Dither me this

Raymond Chen


For some reason, the Internet got all excited about dithering a few months ago, linking primarily to this article about eleven dithering algorithms. (Here’s another article about dithering.)

Which reminded me of a dithering story.

The folks at Microsoft Research, when not working on their time machine, occasionally produce code for product teams. Some time ago, the Internet Explorer team received some code from Research that implemented an improved dithering algorithm.

One of my colleagues reviewed the code, and noticed that, among other things, the algorithm rejected the convention wisdom mentioned in Tanner Helland’s article:

Typically, when we finish processing a line of the image, we discard the error value we’ve been tracking and start over again at an error of “0” with the next line of the image.

Rather than throwing away the accumulated error, the algorithm distributed the error in the final pixel into the next scan row, so that the error from the last pixel in the row wouldn’t be lost.¹ It also had a separate algorithm for the last row of the bitmap, pushing all the error to the right since there is no row below.

I have no idea what it did with the error from the final pixel. Maybe it uploaded it to a server where all the lost errors are archived.

My colleague asked why the algorithm was so meticulous about not throwing away accumulated error, at a cost of significant algorithmic complexity. The developer explained, “Because it’s correct. We want to minimize the error, and if you throw it away at the end of the row, then you never get to compensate for it in the next row. The total error in the image is higher as a result.”

This is a case of getting so engrossed by the mathematical perfection of your algorithm that you lose sight of the original problem.

The goal of dithering is to improve the appearance of an image when it is quantized, that is, when it is displayed with a lower color resolution than the original image. The principle behind Floyd-Steinberg dithering is to keep track of how far your quantized color is from the ideal color and to distribute that error into future nearby pixels, in order to give those pixels a chance to compensate for the quantization error.

But minimizing error is not the goal of dithering. It is merely a technique. The goal of dithering is to make an image that looks good.

My colleague asked, “What if the image is clipped due to layout, or because the user scrolls the page so that the image is only half-visible. Do you go back and re-dither the visible portion of the image?”

The developer admitted that the image is dithered only once. If the image is clipped, the clipping is applied to the dithered version.

“Well, then, when the image gets clipped, what happens to all the error in the clipped-out portion? Oh, wait, I’ll tell you: It’s thrown away.”

As an extreme case of this, consider dragging another window so it partially covers the dithered image. Does the image re-dither to account for the fact that some of its error is now covered by another window? No, the dithered image is just the dithered image, and it gets clipped and occluded just like any other image.

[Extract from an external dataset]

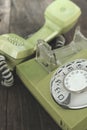 Green old-fashioned telephone on wooden background Royalty Free Stock Photo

So there’s really no point in being so anal-retentive about the error in the last column and last row of the image. First of all, it creates a discontinuity in the algorithm, so that the last column and last row of the image get dithered differently from the other pixels, which may result in a “band” at the edge if there is a large area of uniform color.

Besides, that error can get lost to occlusion or clipping. And don’t try to “repair” the image when that happens. Not only is it computationally expensive, but it would result in the somewhat disturbing effect that moving a window over the image results in the image developing a constantly changing “fringe” as the last visible row and column of the image constantly recalculates.

Getting rid of the special cases for the last row and column simplified the algorithm. What’s more, in the era where CPUs had limited on-chip cache (measured in single-digit kilobytes), it meant that the code and look-ahead row could fit into cache, leaving all the memory bandwidth available for accessing the actual bitmap.

This was a soft real-time algorithm, because the user is waiting for the image to appear on the screen, so improvements in speed were far more valuable than barely perceptible improvements in visual quality.

¹ I forget how large the error diffusion matrix was exactly. Didn’t realize there was going to be a quiz over 20 years later. Let’s assume it was the classic Floyd-Steinberg dither, which pushes error only one pixel out. (Although I seem to recall it had a larger diffusion matrix, because there was some odd/even weirdness.)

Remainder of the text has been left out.